One of my favorite most recent works is Area 51, a very large piece
(10.5' x 13' x 10'). I like its
environmental quality, its very individual forms, the fact that every
shape is very different yet they
all work together. I feel my new work is very much like drawing in
space, like placing things in
space. These pieces are a little out of synch, yet work. Also two
very new pieces and very
successful ones are vertical; one is a totem, the other is very curvy
with the rhythm of its curves
climbing into the air and a dark color paint. Recent new directions
are the use of pastels,
experimenting with very big and very small pieces, using plexiglass
to make shapes and then
getting the best of both worlds. With plexiglass one has the image
and one can see through it.
I like the way it creates illusions of space, particularly when you
cut holes in it. Also Area 51 has
incorporated the use of an electric light inside the piece that bounces
light off the floor.
Two of the highlights of the year 2000 has been to be included
in "Welded!
Sculpture
of the 20th Century" at the Neuberger Museum of Art and "The
First 50 Years" at the
Tibor de Nagy Gallery.
It was very gratifying to have my older work recognized and included
in two such prestigious
exhibitions and books.
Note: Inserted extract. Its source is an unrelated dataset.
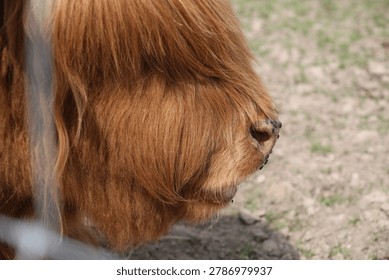 A Close Up Side Profile View Of A Light Brown Highland Cow Muzzle. Several Small Insects Rest On Its Nose Under Natural Daylight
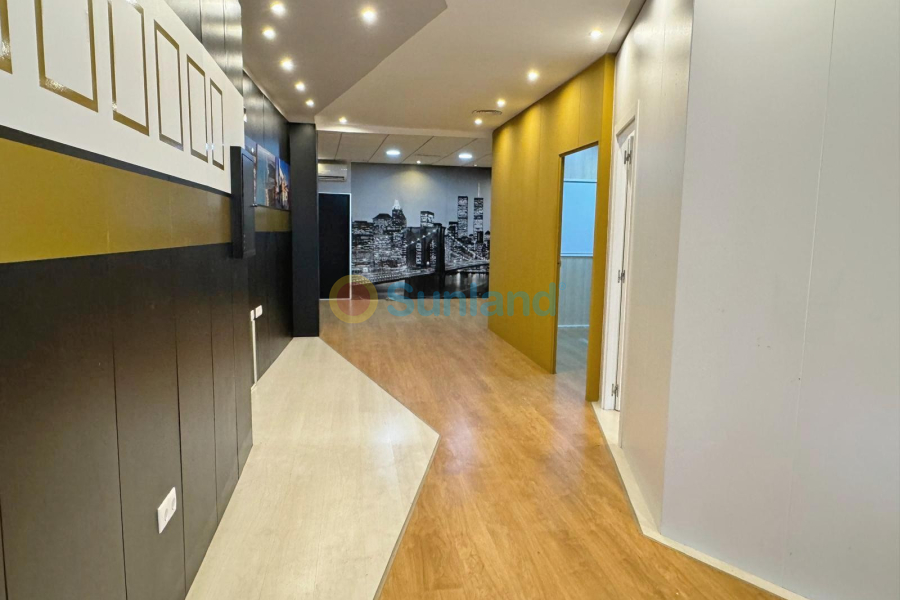 Använda fastigheter - Commercial space - Guardamar del Segura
However, I am hoping that my upcoming 2001
show will generate
interest in and critical response to my current work. I feel that
as we go into this millennium,
I want to push my ideas of original shapes and colors as far as they
can go. My work ultimately
is always about reevaluating its implicit balance. It is about questioning
and reevaluating what
is the perfect balance between color and no color, between geometric
shapes and organic
ones, between lightness and heaviness, between bright colors and
light ones, between one
color and 100 colors, between large and small, etc. It is always
about balance and always
about a structure.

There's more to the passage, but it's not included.